Statt mehr Geld für die Bundeswehr zu pressen, gälte es zunächst, dort die Struktur- und Beschaffungsprobleme abzustellen, und stattdessen wäre es an der Zeit, neue Formen der internationalen Zusammenarbeit, Außen- und Sicherheitspolitik zu denken – und wirklich konkret zu denken –, die sich der Logik von Militärbündnissen entziehen und eine Aufrüstungsspirale in den künftigen Jahren beenden. Es wäre mit Blick auf die Stärkung der Energiesicherheit und Unabhängigkeit von russischen Energieimporten und fossilen Energieträgern eben auch im Sinne einer sozialen Energiewende so dringend notwendig gewesen, ein Sondervermögen für die Energiewende, wie es unter anderem auch Ministerpräsident Bodo Ramelow mit seinen Kolleginnen aus den anderen Ländern vorgeschlagen hatte, auf den Weg zu bringen: für eine gesicherte, ökologische und bezahlbare Energieversorgung oder für die schnelle und konsequente Weichenstellung.

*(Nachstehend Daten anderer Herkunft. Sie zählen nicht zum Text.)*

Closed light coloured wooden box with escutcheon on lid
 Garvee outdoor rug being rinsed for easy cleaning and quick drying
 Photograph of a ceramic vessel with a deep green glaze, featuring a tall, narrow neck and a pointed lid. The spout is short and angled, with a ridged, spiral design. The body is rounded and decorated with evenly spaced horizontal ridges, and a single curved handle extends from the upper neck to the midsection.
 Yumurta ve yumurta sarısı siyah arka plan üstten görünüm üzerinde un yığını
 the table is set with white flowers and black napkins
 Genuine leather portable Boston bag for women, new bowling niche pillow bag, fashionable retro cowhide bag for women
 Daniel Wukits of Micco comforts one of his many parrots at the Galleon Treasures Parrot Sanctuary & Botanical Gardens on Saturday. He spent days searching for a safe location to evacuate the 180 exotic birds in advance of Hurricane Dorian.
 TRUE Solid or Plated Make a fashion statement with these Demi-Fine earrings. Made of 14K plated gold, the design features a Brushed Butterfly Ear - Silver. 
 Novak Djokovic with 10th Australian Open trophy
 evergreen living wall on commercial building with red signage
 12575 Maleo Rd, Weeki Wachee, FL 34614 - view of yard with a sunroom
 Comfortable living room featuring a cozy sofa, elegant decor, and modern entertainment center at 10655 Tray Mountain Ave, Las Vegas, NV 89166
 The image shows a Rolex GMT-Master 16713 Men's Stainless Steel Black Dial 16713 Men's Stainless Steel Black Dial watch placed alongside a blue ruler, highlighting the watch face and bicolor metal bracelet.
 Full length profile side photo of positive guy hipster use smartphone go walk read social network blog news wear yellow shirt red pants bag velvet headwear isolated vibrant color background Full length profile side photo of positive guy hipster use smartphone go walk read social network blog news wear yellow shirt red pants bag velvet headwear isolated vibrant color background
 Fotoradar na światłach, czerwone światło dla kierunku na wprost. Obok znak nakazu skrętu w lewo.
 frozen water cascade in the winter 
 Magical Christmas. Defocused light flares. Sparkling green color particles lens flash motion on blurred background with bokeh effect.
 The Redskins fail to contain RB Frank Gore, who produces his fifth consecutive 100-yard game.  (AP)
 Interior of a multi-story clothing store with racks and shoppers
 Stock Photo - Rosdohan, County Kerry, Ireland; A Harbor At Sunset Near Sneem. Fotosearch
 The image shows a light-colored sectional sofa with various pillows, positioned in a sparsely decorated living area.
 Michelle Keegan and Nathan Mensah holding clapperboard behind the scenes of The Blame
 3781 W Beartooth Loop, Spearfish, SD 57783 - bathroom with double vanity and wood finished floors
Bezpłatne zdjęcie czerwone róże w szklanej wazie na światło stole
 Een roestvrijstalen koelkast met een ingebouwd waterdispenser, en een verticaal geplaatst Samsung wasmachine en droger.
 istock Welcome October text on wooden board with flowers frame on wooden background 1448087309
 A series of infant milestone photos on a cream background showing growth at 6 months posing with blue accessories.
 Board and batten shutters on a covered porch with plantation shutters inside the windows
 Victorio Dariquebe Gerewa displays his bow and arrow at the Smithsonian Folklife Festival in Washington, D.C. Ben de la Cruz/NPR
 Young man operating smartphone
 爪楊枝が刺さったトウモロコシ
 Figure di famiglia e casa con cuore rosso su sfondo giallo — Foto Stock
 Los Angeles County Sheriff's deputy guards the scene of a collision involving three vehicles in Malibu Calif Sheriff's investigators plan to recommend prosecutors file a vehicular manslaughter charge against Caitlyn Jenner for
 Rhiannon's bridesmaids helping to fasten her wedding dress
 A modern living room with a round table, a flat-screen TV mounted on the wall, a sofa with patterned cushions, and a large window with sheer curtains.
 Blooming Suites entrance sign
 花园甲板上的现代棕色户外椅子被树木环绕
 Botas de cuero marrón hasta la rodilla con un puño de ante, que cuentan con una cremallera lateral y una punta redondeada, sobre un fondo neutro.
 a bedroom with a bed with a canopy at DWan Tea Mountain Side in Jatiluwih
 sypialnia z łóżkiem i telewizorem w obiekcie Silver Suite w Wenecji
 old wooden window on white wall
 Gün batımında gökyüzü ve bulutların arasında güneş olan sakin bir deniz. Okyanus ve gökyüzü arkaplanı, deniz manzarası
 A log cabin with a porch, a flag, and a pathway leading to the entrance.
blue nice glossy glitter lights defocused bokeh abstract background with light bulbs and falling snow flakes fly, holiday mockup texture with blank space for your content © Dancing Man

Doch nun wurde der Paradigmenwechsel letzte Woche beschlossen und da ist es ja geradezu absurd, dass auf der einen Seite 100 Milliarden Euro zur Verfügung stehen, zeitgleich aber aus der Reihe der FDP von Bundesfinanzminister Lindner bei anderen Punkten die Blockade kommt – ich denke da an das Thema „Übergewinnsteuer“, um die Krisengewinne auch tatsächlich abzuschöpfen –, das wäre im Sinne eines gesellschaftlichen Wohls und der Verantwortung, mit der Krise umzugehen. Linke, SPD und Grüne haben das gefordert und ich begrüße deswegen auch den Vorstoß des Freistaats Thüringen, auch im Interesse des Freistaats hier voranzugehen, gemeinsam auch die Initiative aus Bremen zu unterstützen. Das ist nämlich das, worüber wir reden, wenn wir konkret mit einer verantwortungsvollen Umverteilung und Bewältigung der Gesamtsituation und der Krisenfolgen umgehen. Da hoffe ich, dass auch die FDP vielleicht noch begreift, dass diese Blockade tatsächlich beendet werden muss. Vielen Dank.